At this step S104, TSC control is also carried out which controls the total length
of the waveform sample data to be stretched or compressed along the time axis, independently
of the tone pitch, in accordance with the time (TSC) template. Further, to prevent
the waveform continuity from being lost due to the time-axial stretch or compression
control, this step S104 executes an operation for reading out two different groups
of waveform sample data (corresponding to different time points within the same waveform
template and performing cross-fade synthesis between the read-out waveform sample
data. This step S104 also executes an operation for reading out two different waveform
templates (i.e., waveform templates of a pair of preceding and succeeding articulation
elements) and performing cross-fade synthesis between the read-out waveform templates,
for each of the predetermined element connecting regions. In addition, this step S104
further executes an operation for reading out waveform templates repetitively in the
looped fashion and an operation for performing cross-fade synthesis between two templates
while they are being read out.
[0230] In the event that the waveform (Timbre) template to be used retains a timewise pitch
variation component of the original waveform, values of the pitch template may be
given in differences or ratios relative to the original pitch variation. Thus, when
the original timewise pitch variation is to be left unchanged, the pitch template
is maintained at a constant value (e.g., "1").

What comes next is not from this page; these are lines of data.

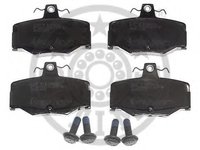 Set placute frana,frana disc NISSAN PRIMERA (P10), NISSAN PRIMERA Hatchback (P10), NISSAN PRIMERA (P11) - OPTIMAL 9690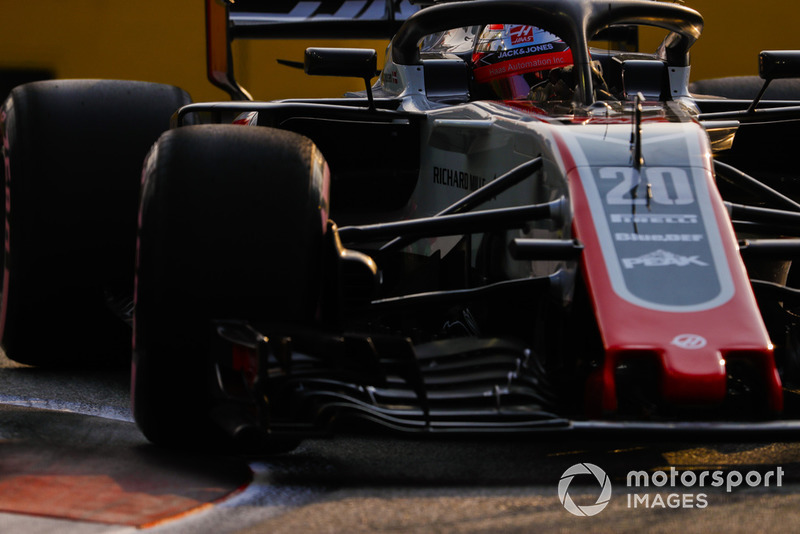 16. Kevin Magnussen, Haas F1 Team VF-18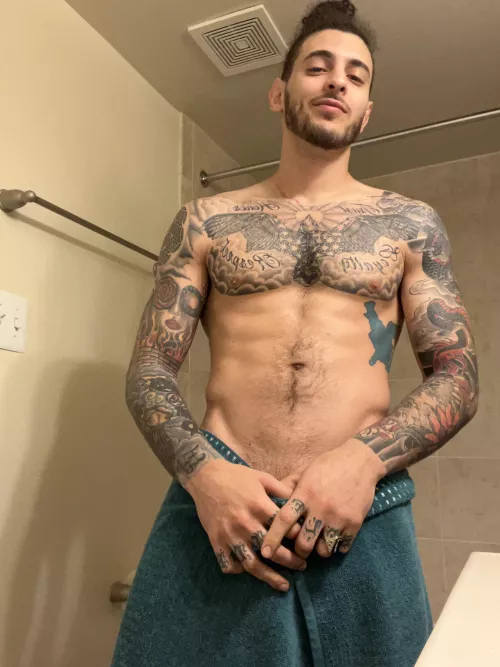 All sweaty n gross 🧼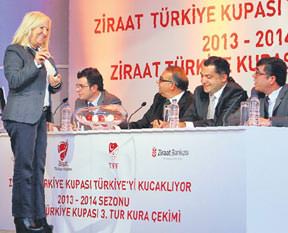 Kupada kura heyecanı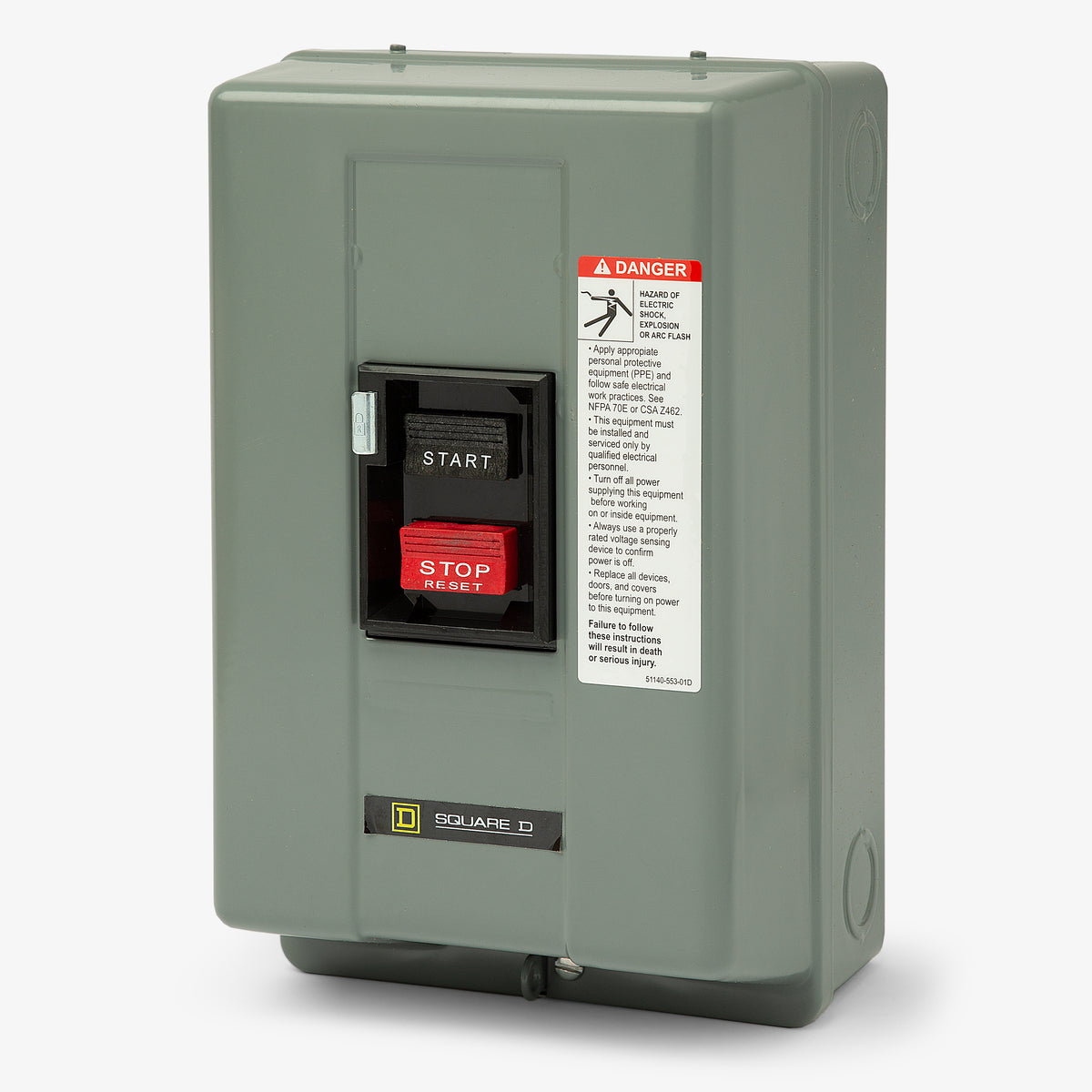 Square D 2510MCG2 Starter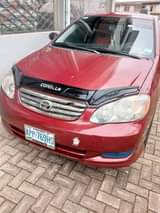 A picture of 9 Months Used Corolla Sport 2004
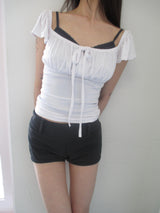 back pocket shorts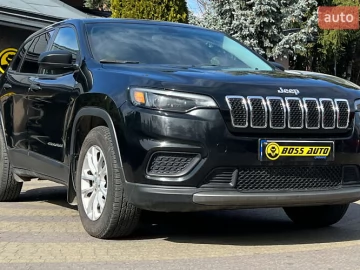 Авто Jeep Cherokee 2019 № 7490747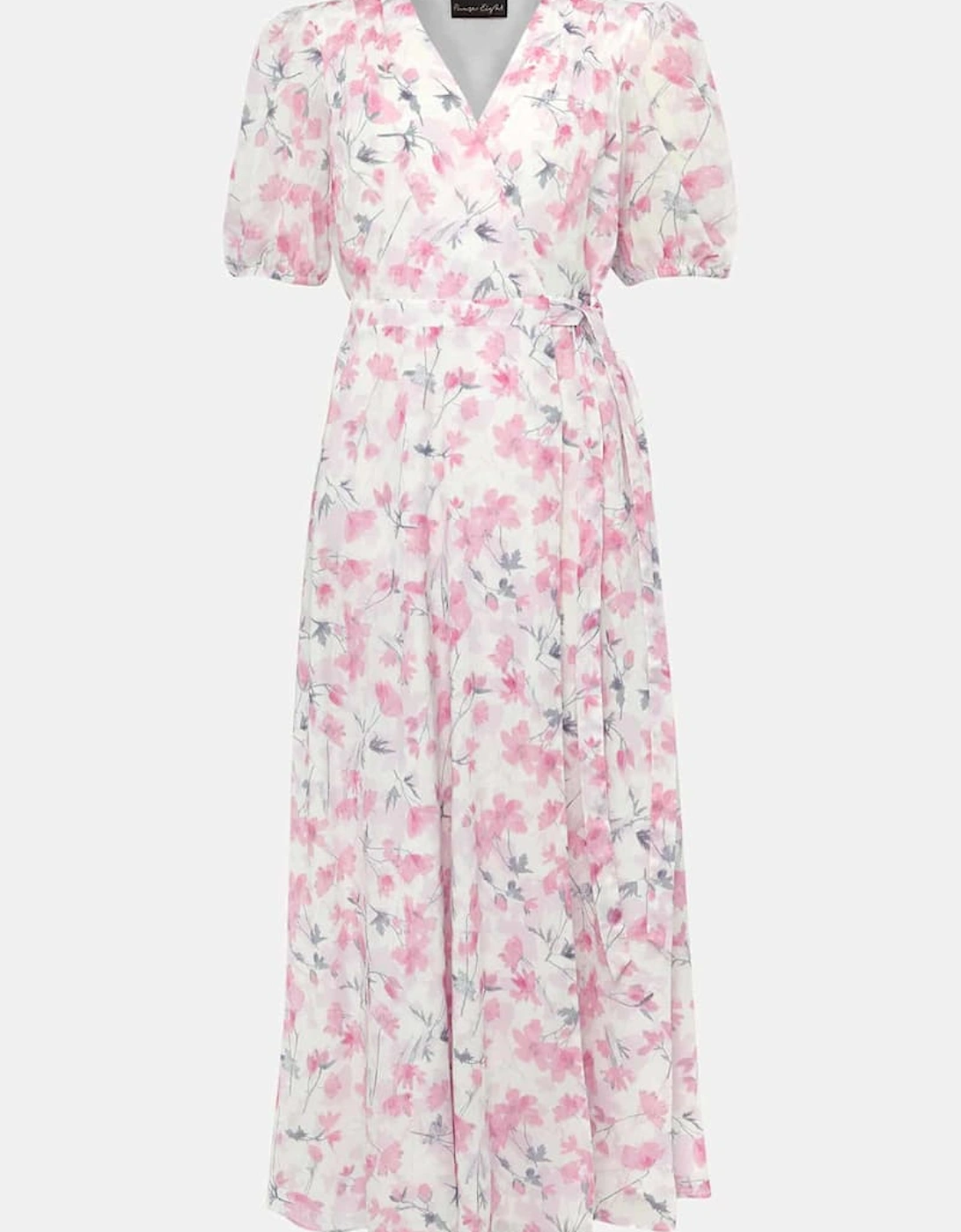 Gabriella Floral Wrap Dress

[0231] At next step S105. an operation is executed to generate an amplitude template. Then,
at step S106, the tone volume level of one waveform sample data generated at step
S104 is variably controlled by the amplitude envelope value generated at step S105
and then added to the waveform sample data already stored at the address location
of the waveform buffer W-BUF pointed to by the current address pointer. Namely, the
waveform sample data is accumulatively added to the corresponding waveform sample
data of the other channel at the same sample point. Thereafter, at step S107, it is
ascertained whether the above-mentioned operations have been completed for one frame.

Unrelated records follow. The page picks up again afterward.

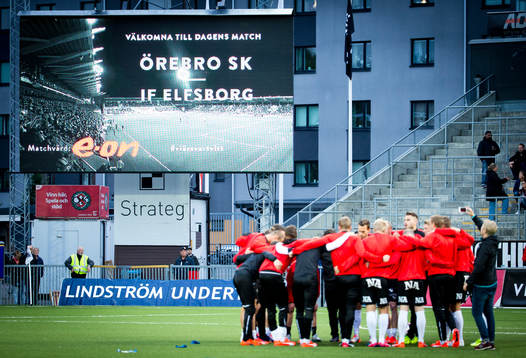 Örebro laddar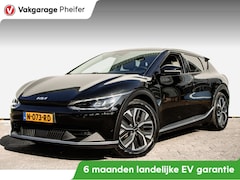 Kia EV6 - 58 kWh Trekhaak/ Stuur-stoelverwarming/ Half leer/ Camera/ Navigatie/ Carplay/ Adapt. crui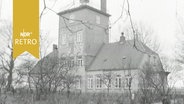 Leuchtturm "Marienleuchte" auf Fehmarn kurz vor Außerdienststellung 1964  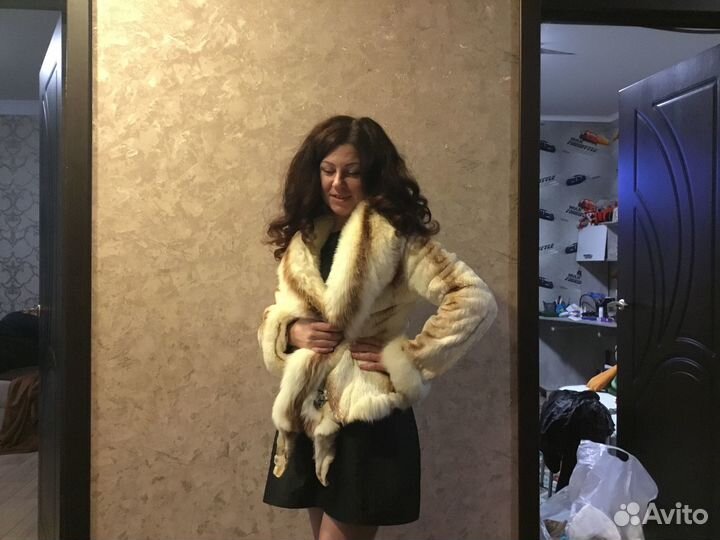 Шуба писец короткая 42-44
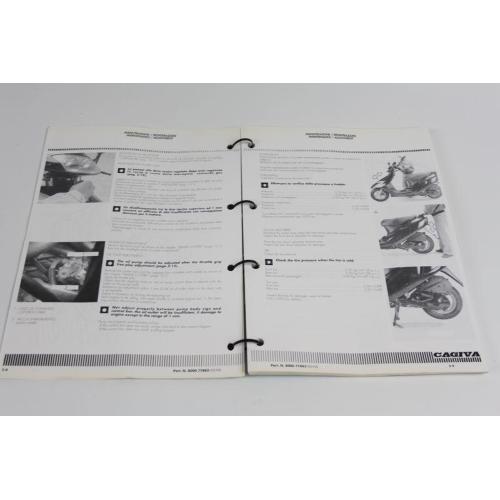 CAGIVA PASSING 125 WORKSHOP MANUAL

If the operations have not been completed for one frame, the process goes to step
S108 to prepare a next sample (advance the address pointer to a next address).

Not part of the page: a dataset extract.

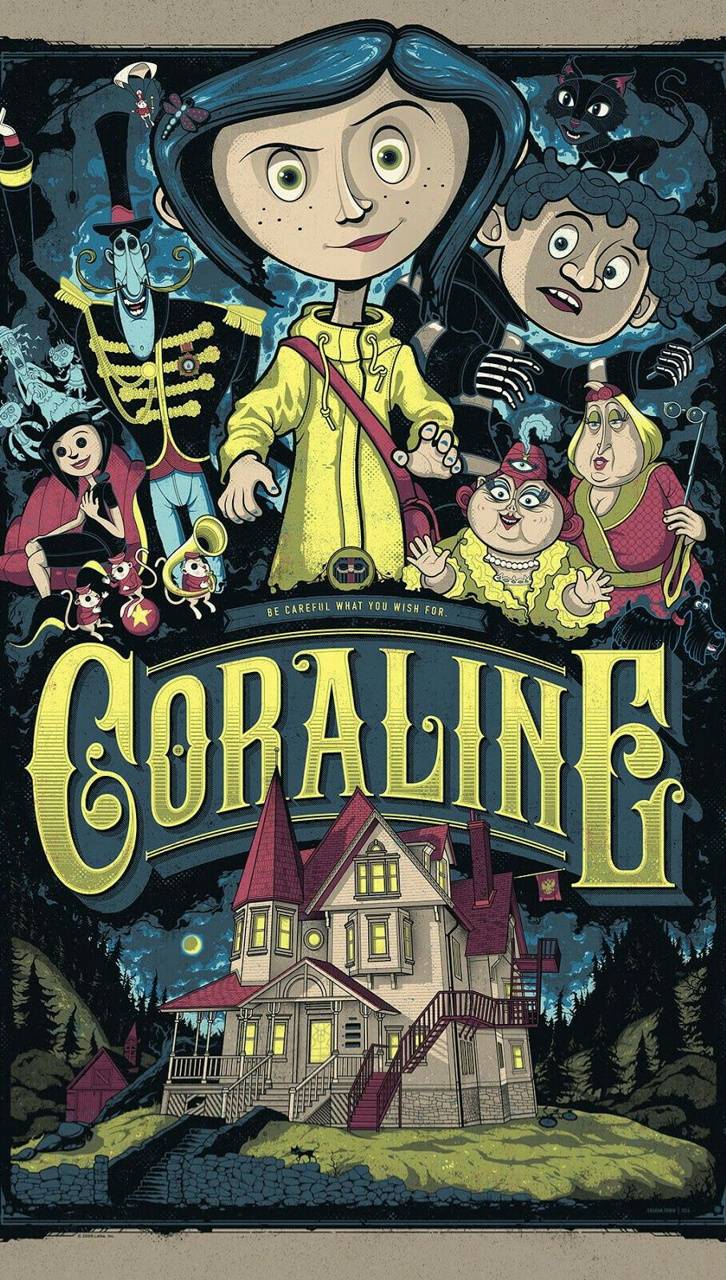 Coraline Wallpapers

[0232] Similarly to the above, in the event that the waveform (Timbre) template to be used
retains a timewise amplitude variation component of the original waveform, values
of the amplitude (Amp) template may be given in differences or ratio relative to the
original amplitude variation. Thus, when the original amplitude variation over time
is to be left unchanged, the amplitude template is maintained at a constant value
(e.g., "1").
[0233] Now, a description will be given about an example of the time-axial stretch/compression
control employed in the embodiment.
[0234] Using the time-axial stretch/compression (TSC) control proposed by the assignee of
the present application in a copending patent application (e.g., Japanese Patent Application
No. HEI-9-130394), the time-axial length of waveform data of plural waveform cycles,
having high-quality, i.e., articulation characteristics and a given data quantity
(given number of samples or addresses), can be variably controlled as desired independently
of a reproduction pitch of the corresponding tone and without sacrificing the general
characteristics of the waveform. Briefly speaking, the proposed TSC control is intended
to stretch or compress the time-axial length of a plural-cycle waveform having a given
data quantity while maintaining a predetermined reproduction sampling frequency and
reproduction pitch; specifically, to compress the time-axial length, the TSC control
causes an appropriate part of the waveform data to be read out in a sporadic fashion,
while to stretch the time-axial length, it causes an appropriate part of the waveform
data to be read out in a repetitive or looped fashion. Also, the proposed TSC control
carries out cross-fade synthesis, in order to prevent undesired discontinuity of the
waveform data that would result from the sporadic or repetitive partial readout of
the data.
[0235] Fig. 31 is a conceptual diagram outlining the principle of such a time-axial stretch/compression
(TSC) control. Specifically, Section (a) of Fig. 31 shows an example of a time-varying
time template, which comprises data indicative of a time-axial stretch/compression
ratio (CRate). In section (a), the vertical axis represents the time-axial stretch/compression
ratio CRate while the horizontal axis represents the time axis t. The stretch/compression
ratio CRate is based on a reference value of "1"; specifically, when the ratio CRate
is "1", it indicates that no time-axial stretch/compression is to take place, when
the ratio CRate is greater than the reference value "1", it indicates that the time
axis is to be compressed, and when the ratio CRate is smaller than the reference value
"1", it indicates that the time axis is to be stretched. Sections (b) to (d) of Fig.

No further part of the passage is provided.